**WORK INSTRUCTION**:
Drop every picture and copy exactly the lines from the one with "28 Mayda 4 otaqlı" through the last line of the listing below.

** INFORMATION PROVIDED follows **

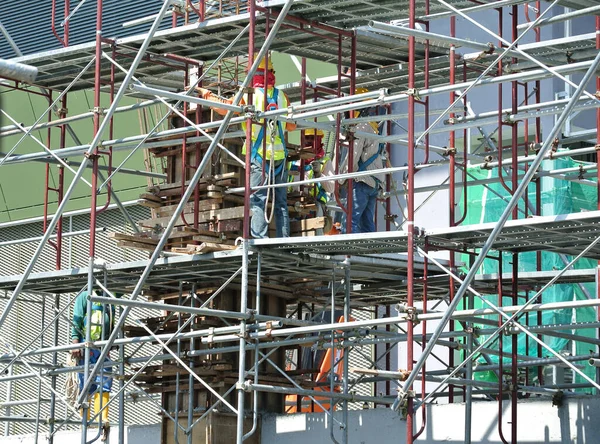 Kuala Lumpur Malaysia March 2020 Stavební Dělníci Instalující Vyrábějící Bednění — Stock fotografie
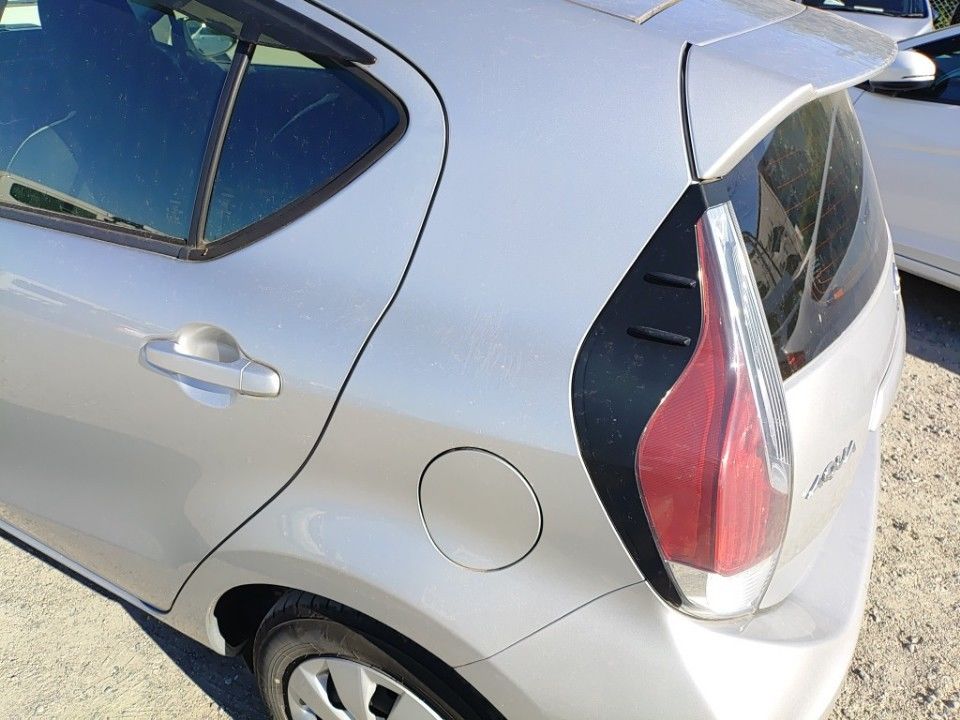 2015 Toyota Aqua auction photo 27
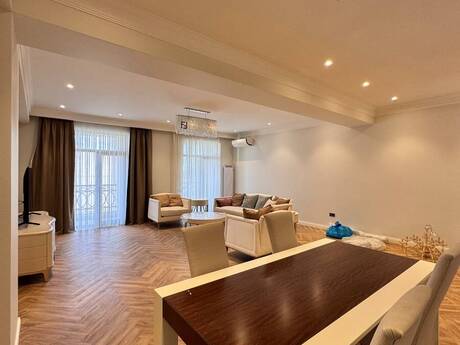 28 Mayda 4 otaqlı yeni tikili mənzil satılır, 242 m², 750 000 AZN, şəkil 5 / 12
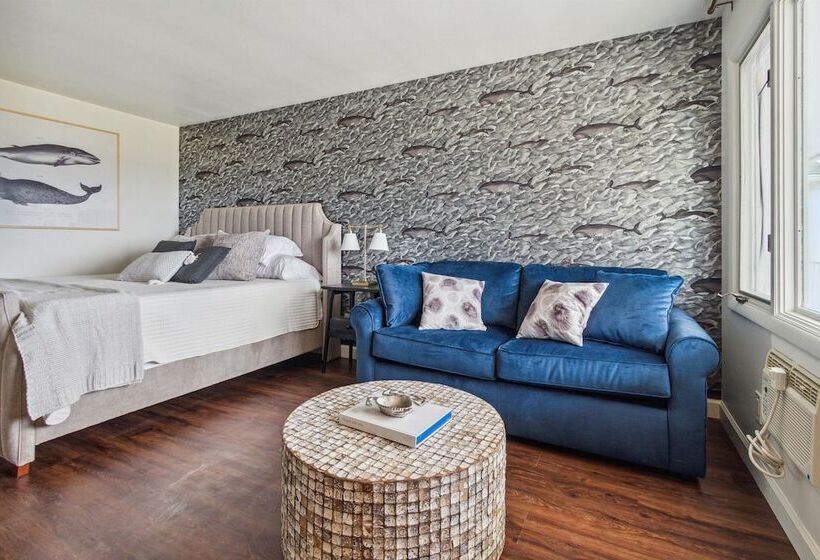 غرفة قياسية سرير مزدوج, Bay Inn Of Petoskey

** End of INFORMATION PROVIDED **

**SOLUTION**:
 28 Mayda 4 otaqlı yeni tikili mənzil satılır, 242 m², 750 000 AZN, şəkil 5 / 12
 غرفة قياسية سرير مزدوج, Bay Inn Of Petoskey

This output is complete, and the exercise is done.